Por eso él a su seno lo comprime,
y en él sus labios afanoso sella;
pues ese junco el corazón redime,
donde el pesar profundizó su huella.

II

Mientras la brisa nocturnal soplando
rauda empuja la frágil carabela,
el extenso horizonte contemplando
en dulce insomnio, el Almirante vela.

¡Noche de sombras, de perenne anhelo,
en que cada celaje que fulgura
-débil reflejo de la luz del cielo-
el nuevo mundo que soñó le augura!

La sutil, vaporosa y áurea niebla,
nuncio del alba, en el espacio gira,
y el mar y el aire y los confines puebla
y todo aliento de placer respira.
Del tope de La Pinta, que se avanza,
"¡tierra!", dice una voz; y el eco vibra;
y ese grito sublime de esperanza
conmueve el corazón en cada fibra...

Allá -entre la infinita muchedumbre
de las galas que espléndida atesora,
tras la bruma lejana- enhiesta cumbre
surge el beso del rayo de la aurora.

"¡Mundo de amor, risueño paraíso,
verde oasis de luz en mi desierto
yo te bendigo, porque en ti Dios quiso
brindarme al fin de salvación el puerto!"

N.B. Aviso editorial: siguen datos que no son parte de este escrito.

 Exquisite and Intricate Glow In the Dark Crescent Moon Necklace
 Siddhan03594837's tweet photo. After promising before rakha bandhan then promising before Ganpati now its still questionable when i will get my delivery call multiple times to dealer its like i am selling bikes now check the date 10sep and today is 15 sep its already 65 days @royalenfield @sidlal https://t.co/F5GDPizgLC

Así exclama Colón; y en la ribera
de esa ignota región de maravilla,
en el nombre de Dios, con fe sincera,
tremola el estandarte de Castilla.

La hermosa Guanahaní, donde el lucayo
en su cabaña, que ceñía de flores,
viera pasar en lánguido desmayo
una vida de paz, dicha y amores,

fue la primera do la ruda planta
estampó esa falange triunfadora
que -al dulce amparo de la fe- levanta
suplicio vil junto a la cruz que adora.

III

Después que de Colón y de Castilla
la fama el triunfo por doquier pregona,
y ya Quisqueya, conquistada, brilla c
ual joya de la ibérica corona;

Colón regresa a sus antiguos lares,
y al pie de los monarcas protectores,
de sus conquistas en lejanos mares
depone los magníficos primores.

Pero en su pecho, y recamado de oro,
de ricas perlas y coral, se mira
portentoso y espléndido tesoro,
reliquia santa que entusiasmo inspira.

Es un pedazo de aquel junco verde
que en las aguas del mar vio confundido,
y que allí guarda, porque allí recuerde
que está su corazón agradecido.

Con él lleva doquiera vinculado
un mundo de esperanzas y delirio;
con él la adversidad ha consolado
cuando la ingratitud le dio el martirio.

En la prisión, en el fatal camino
de su infortunio, lo llevó a sus labios;
con él lloró su singular destino:
la gloria que a la envidia causó agravios.

Y cuando aquella frente victoriosa,
donde un mundo encerró la Omnipotencia,
al rudo peso de calumnia odiosa,
sobre un lecho de mísera indigencia,

el reposo encontró que nunca hallara
en el seno radiante de su gloria,
fue su tumba del junco verde el ara
donde el mundo hoy venera su memoria.